[Start of Attachment]

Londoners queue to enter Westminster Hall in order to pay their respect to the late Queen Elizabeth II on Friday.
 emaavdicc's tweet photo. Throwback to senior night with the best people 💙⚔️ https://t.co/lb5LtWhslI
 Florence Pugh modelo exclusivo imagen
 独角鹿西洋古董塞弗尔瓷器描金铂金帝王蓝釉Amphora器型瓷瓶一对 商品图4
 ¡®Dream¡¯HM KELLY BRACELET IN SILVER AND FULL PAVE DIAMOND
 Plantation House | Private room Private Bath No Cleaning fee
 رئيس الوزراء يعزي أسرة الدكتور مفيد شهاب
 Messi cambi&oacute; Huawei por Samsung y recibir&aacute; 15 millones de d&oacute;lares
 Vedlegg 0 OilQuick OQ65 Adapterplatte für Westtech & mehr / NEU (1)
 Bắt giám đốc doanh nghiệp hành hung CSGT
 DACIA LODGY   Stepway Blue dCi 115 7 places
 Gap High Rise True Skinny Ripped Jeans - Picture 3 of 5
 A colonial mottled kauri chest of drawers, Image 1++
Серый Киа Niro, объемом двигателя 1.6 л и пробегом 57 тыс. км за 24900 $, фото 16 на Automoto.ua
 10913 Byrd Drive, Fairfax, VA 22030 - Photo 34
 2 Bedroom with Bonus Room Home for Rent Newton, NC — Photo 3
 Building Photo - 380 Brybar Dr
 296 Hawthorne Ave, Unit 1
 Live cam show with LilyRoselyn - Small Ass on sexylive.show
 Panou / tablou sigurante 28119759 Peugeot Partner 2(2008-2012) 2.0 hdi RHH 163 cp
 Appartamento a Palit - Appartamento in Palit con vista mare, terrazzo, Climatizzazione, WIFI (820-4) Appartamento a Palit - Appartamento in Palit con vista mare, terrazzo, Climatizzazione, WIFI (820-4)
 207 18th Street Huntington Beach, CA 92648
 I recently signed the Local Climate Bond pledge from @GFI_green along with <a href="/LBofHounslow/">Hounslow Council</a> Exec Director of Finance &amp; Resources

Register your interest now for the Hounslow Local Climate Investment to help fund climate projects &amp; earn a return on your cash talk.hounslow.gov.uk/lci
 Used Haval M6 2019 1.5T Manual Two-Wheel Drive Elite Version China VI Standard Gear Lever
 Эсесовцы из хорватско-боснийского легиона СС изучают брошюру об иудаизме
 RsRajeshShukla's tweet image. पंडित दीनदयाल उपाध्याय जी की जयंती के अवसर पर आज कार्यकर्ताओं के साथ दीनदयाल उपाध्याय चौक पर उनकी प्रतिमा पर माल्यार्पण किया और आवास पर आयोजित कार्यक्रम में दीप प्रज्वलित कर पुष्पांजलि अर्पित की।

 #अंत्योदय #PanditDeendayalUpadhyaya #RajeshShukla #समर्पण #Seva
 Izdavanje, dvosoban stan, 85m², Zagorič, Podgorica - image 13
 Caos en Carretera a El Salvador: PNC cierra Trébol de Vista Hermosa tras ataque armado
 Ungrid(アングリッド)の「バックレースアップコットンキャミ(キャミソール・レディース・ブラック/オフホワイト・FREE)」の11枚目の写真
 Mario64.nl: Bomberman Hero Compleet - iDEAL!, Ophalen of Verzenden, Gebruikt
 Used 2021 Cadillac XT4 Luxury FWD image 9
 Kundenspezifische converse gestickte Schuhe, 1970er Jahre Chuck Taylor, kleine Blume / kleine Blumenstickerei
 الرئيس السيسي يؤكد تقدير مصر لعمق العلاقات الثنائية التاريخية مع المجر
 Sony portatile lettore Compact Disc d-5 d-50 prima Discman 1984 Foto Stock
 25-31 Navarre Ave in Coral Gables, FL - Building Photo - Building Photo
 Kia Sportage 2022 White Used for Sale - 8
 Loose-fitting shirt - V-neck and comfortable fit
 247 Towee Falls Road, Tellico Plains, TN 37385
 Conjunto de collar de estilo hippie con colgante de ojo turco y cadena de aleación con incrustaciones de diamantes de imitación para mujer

[End of Attachment]

--- Work required ---
Locate the word "Drive" in the records above, and return each line that has it.

--- Written answer ---
 10913 Byrd Drive, Fairfax, VA 22030 - Photo 34
 Used Haval M6 2019 1.5T Manual Two-Wheel Drive Elite Version China VI Standard Gear Lever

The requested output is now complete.